(Data to examine Opens)

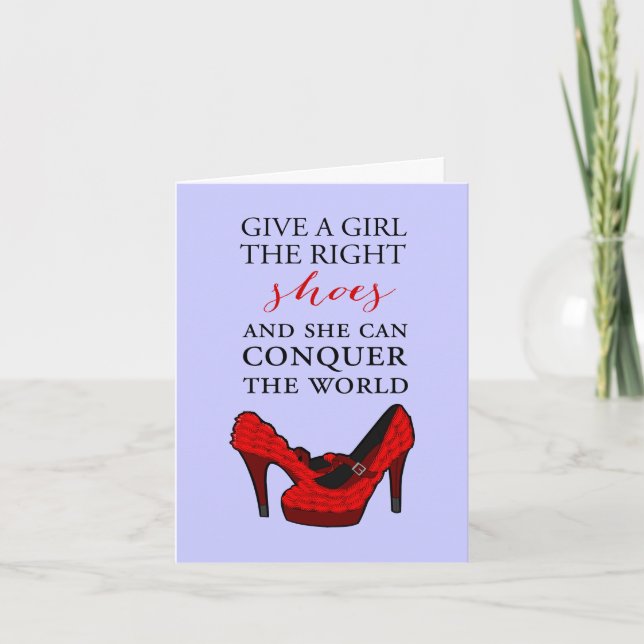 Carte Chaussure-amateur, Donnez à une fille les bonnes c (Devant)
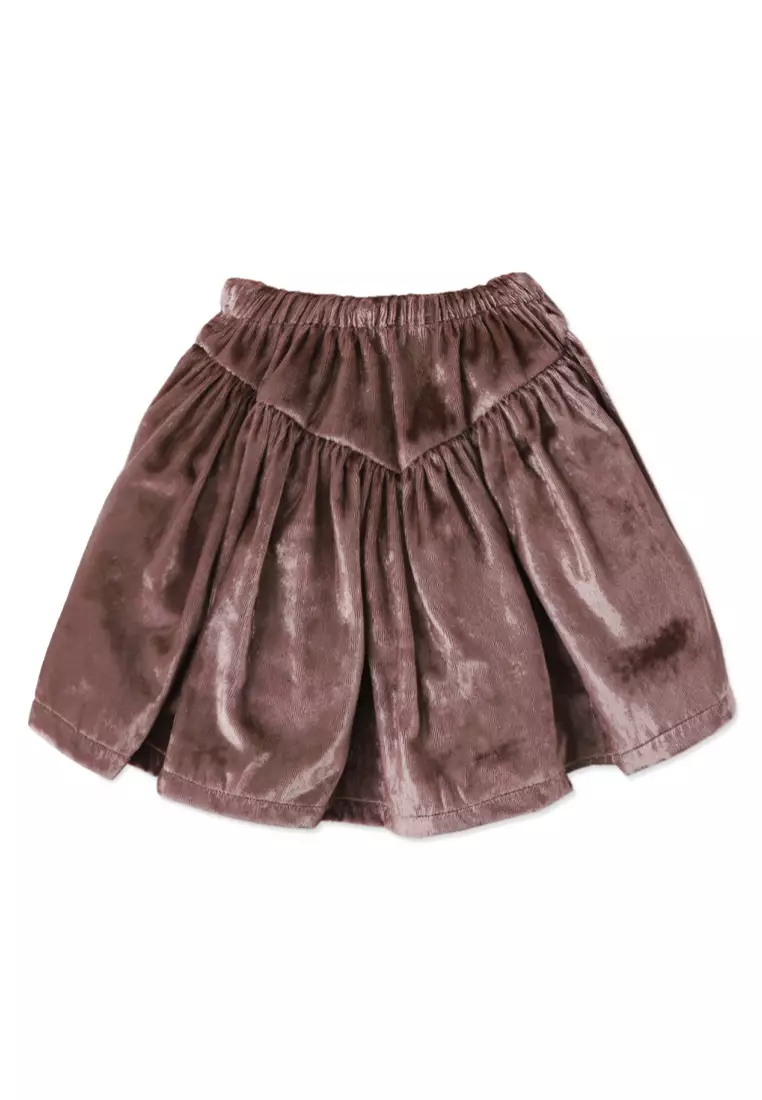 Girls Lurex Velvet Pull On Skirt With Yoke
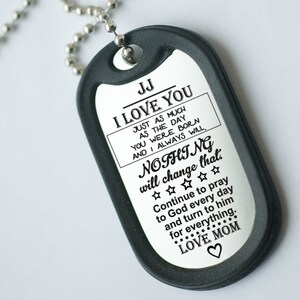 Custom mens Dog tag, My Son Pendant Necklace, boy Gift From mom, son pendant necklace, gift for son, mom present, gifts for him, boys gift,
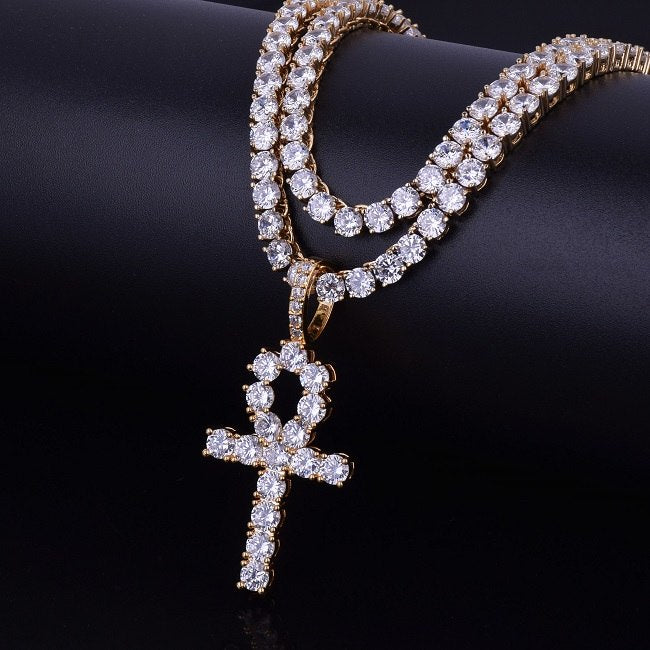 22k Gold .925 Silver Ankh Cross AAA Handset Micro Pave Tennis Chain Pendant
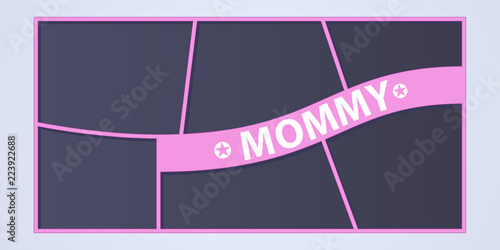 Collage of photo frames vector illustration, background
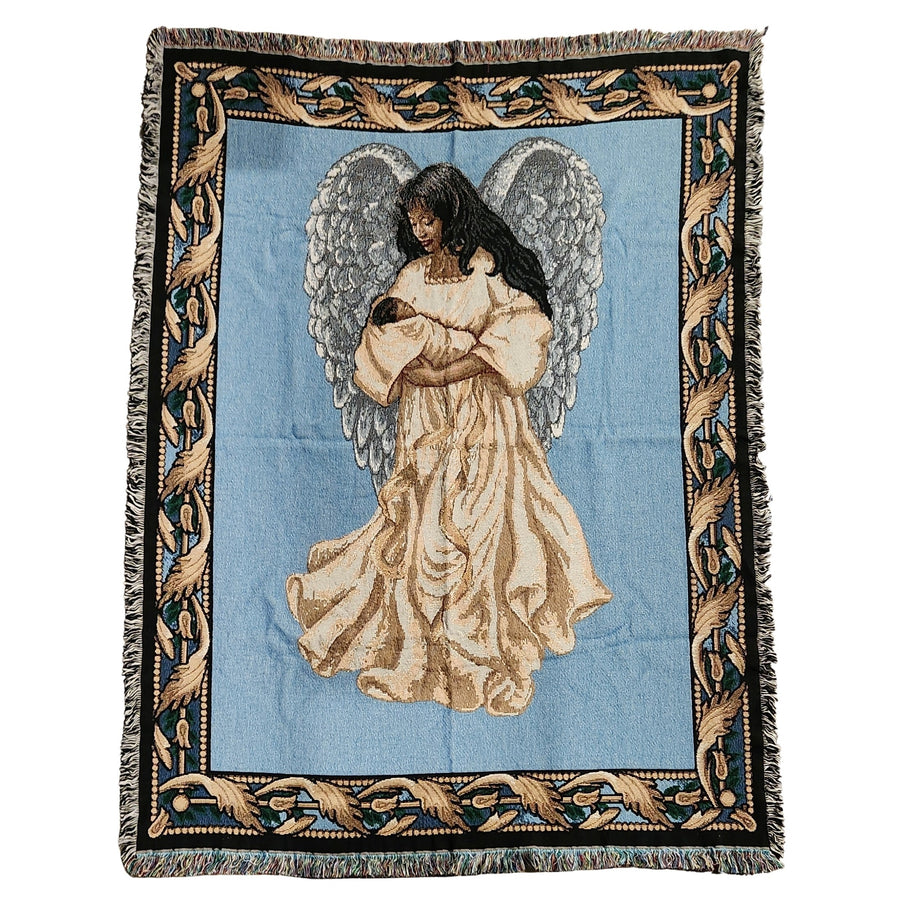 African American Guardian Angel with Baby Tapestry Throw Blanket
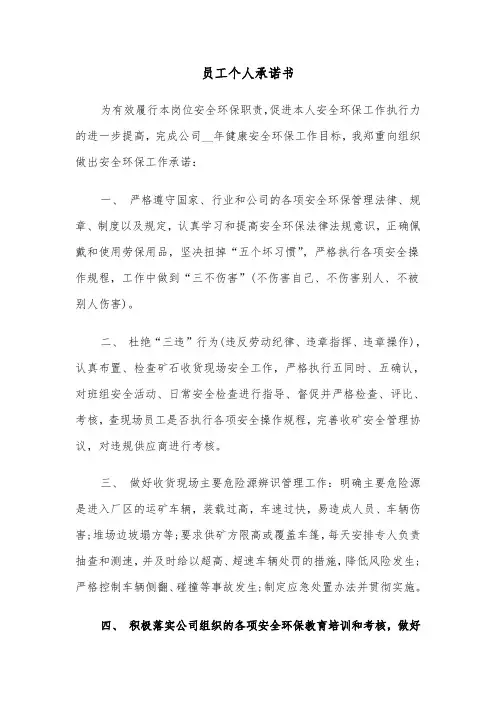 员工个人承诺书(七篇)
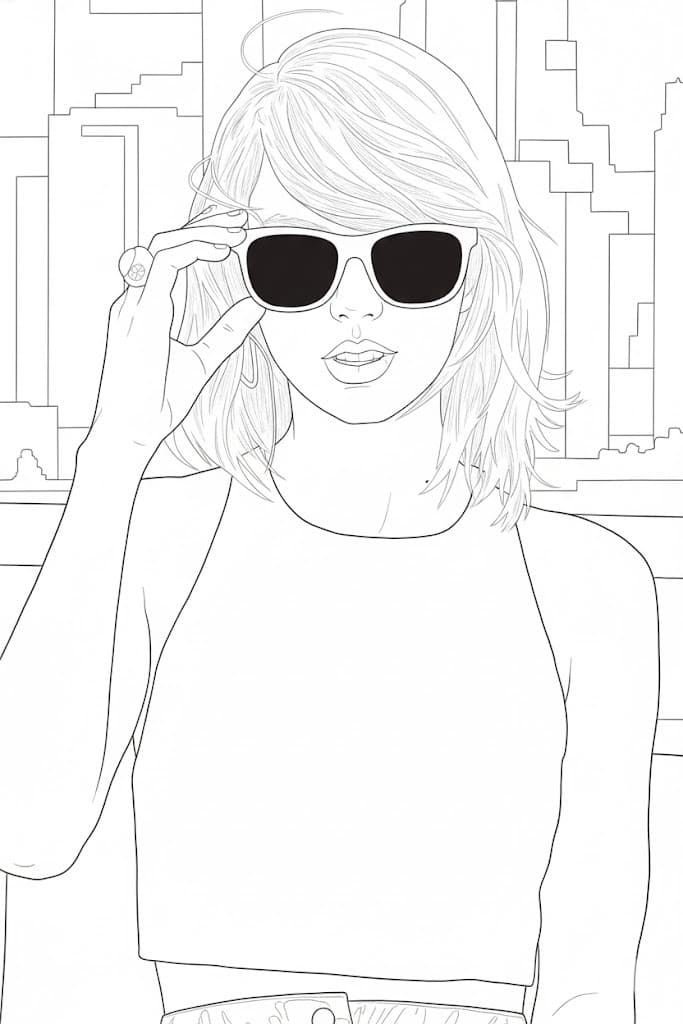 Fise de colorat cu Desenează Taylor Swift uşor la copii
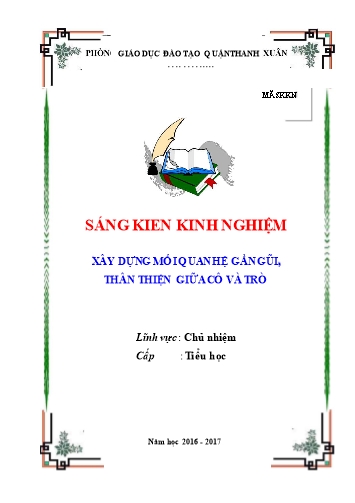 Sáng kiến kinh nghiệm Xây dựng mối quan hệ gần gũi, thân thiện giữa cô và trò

(Data to examine Closes)
(Data to examine Opens)

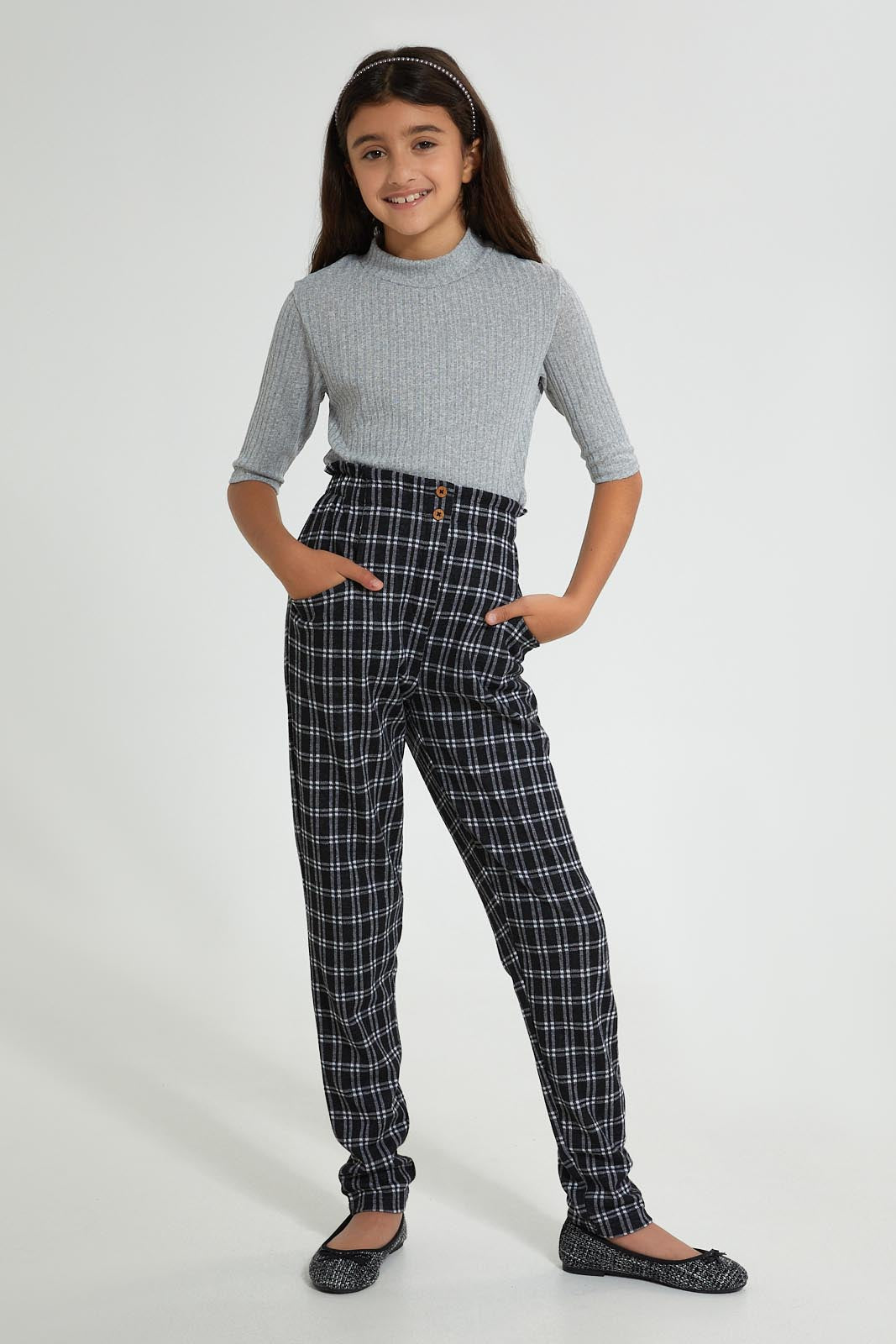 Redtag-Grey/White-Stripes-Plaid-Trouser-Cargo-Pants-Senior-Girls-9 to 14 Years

(Data to examine Closes)

Task description → Looking at the listing above, which lines run from the one containing "Carte Chaussure-amateur, Donnez" through the one containing "Sáng kiến kinh"? Print exactly those, ends included, pictures excluded.

Answer to this problem →
 Carte Chaussure-amateur, Donnez à une fille les bonnes c (Devant)
 Girls Lurex Velvet Pull On Skirt With Yoke
 Custom mens Dog tag, My Son Pendant Necklace, boy Gift From mom, son pendant necklace, gift for son, mom present, gifts for him, boys gift,
 22k Gold .925 Silver Ankh Cross AAA Handset Micro Pave Tennis Chain Pendant
 Collage of photo frames vector illustration, background
 African American Guardian Angel with Baby Tapestry Throw Blanket
 员工个人承诺书(七篇)
 Fise de colorat cu Desenează Taylor Swift uşor la copii
 Sáng kiến kinh nghiệm Xây dựng mối quan hệ gần gũi, thân thiện giữa cô và trò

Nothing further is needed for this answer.